- The current bull market in US equities is screaming for investors to reinvest profits elsewhere.
- The Swiss franc has held safe-haven status for a long time and it might be wise to lay a nest egg there.
- VAT Group seems like an interesting proposition for diversifying away from the US.
This one will seem a bit obscure to the US-based investor. If you don’t know it yet, don’t be scared. It might be a good thing, means that it is still under the radar. During the current environment of stretched valuations and periodic scares, investors’ demand for alternatives will rise.
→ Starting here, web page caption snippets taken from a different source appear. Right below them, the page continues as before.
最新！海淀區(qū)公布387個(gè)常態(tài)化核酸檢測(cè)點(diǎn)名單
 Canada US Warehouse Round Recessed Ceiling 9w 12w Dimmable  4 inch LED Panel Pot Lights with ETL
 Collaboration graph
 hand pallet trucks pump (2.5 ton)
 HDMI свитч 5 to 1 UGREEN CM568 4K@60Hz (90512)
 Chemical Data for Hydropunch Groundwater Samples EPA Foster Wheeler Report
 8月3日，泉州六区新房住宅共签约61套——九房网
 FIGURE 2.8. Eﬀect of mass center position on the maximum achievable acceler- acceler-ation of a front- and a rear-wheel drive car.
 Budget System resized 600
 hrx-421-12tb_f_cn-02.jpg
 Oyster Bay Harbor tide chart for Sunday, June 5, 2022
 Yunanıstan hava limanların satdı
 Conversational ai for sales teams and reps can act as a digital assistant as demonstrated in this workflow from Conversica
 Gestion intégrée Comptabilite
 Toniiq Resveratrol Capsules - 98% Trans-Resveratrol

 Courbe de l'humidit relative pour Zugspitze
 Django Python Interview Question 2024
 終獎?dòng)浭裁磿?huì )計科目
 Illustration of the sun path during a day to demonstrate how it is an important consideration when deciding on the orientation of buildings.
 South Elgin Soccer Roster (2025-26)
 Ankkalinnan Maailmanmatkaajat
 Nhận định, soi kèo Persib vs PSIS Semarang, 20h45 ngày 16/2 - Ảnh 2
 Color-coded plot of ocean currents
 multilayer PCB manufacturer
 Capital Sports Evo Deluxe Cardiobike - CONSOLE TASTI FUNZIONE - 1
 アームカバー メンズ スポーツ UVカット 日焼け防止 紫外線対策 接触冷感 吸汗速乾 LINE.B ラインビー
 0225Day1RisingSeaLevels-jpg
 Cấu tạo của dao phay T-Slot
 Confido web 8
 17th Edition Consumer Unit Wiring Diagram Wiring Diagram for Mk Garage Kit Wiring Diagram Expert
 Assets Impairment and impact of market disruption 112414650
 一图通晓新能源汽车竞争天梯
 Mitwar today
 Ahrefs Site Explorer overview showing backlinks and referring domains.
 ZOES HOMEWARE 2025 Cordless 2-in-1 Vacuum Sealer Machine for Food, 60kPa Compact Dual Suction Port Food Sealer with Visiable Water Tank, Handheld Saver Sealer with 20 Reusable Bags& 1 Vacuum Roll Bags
It should come as no surprise that, after riding a good part of the bull market in the US tech sector, I wanted to diversify away and add Swiss companies to my portfolio. The Swiss Franc has been historically regarded as a safe-haven. Additionally, in accordance with my macro outlook, I expect that spikes in US interest rates to produce turbulence. Therefore, diversifying away from the USD seems to make sense.
VAT Group, what’s that?
After searching through the Swiss stock market, I’ve found a company that fits my macro outlook and should correlate well with the prevailing trend of higher use of processing capabilities in every sector of the economy. Let’s see:
VAT Group (OTCPK:VACNY) produces high-end vacuum valves for manufacturing processes. These valves serve to isolate environments under two different pressures, allowing the transfer of substrates, like wafers, from the atmosphere to vacuum, and control gas flow and gas pressure. You can take a better look at the company’s catalog here.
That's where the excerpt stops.